┌─ Provided entries

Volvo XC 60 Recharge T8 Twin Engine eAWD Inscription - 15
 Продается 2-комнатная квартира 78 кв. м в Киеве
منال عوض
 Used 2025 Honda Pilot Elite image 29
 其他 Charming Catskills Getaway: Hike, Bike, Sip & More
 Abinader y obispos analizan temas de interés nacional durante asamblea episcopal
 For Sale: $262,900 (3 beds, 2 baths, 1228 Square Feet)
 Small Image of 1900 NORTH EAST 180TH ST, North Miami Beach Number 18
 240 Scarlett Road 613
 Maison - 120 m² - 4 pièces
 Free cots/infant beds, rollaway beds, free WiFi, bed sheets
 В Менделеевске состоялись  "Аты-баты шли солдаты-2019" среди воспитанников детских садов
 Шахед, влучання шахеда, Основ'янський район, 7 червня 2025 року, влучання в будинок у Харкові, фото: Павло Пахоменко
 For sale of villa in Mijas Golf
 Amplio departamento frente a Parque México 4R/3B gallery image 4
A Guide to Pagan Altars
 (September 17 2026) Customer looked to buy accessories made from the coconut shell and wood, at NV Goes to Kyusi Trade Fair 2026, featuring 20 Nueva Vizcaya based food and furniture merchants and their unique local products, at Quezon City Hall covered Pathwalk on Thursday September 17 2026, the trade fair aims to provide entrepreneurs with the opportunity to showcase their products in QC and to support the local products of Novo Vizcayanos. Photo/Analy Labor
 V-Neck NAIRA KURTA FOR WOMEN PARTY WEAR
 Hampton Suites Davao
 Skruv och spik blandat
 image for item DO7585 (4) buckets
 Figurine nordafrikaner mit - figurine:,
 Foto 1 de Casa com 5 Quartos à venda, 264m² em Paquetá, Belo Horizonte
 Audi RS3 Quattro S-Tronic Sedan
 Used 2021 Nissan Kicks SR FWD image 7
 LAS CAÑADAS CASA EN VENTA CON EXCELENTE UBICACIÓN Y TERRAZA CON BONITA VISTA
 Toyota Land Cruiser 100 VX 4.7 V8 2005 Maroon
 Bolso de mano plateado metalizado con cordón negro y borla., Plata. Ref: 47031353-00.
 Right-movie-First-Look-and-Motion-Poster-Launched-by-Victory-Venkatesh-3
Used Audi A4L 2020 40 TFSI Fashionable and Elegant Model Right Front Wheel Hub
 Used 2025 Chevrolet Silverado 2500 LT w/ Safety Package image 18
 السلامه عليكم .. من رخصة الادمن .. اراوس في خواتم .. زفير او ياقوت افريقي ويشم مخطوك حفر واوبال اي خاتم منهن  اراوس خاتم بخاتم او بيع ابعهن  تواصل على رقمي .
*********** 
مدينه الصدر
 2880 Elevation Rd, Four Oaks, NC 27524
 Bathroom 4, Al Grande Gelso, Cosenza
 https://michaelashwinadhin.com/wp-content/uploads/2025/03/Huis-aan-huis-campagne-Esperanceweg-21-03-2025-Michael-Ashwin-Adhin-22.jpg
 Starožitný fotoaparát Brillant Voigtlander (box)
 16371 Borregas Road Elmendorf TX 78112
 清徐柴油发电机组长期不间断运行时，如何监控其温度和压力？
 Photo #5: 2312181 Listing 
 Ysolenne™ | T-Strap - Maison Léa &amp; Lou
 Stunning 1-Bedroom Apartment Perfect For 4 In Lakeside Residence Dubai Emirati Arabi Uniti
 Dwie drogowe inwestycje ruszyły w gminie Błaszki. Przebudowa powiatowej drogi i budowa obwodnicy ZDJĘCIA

└─

#### Task brief:
Count how many lines in the data above hold the string "beds", and give the number with no other words.

#### Response to the task:
2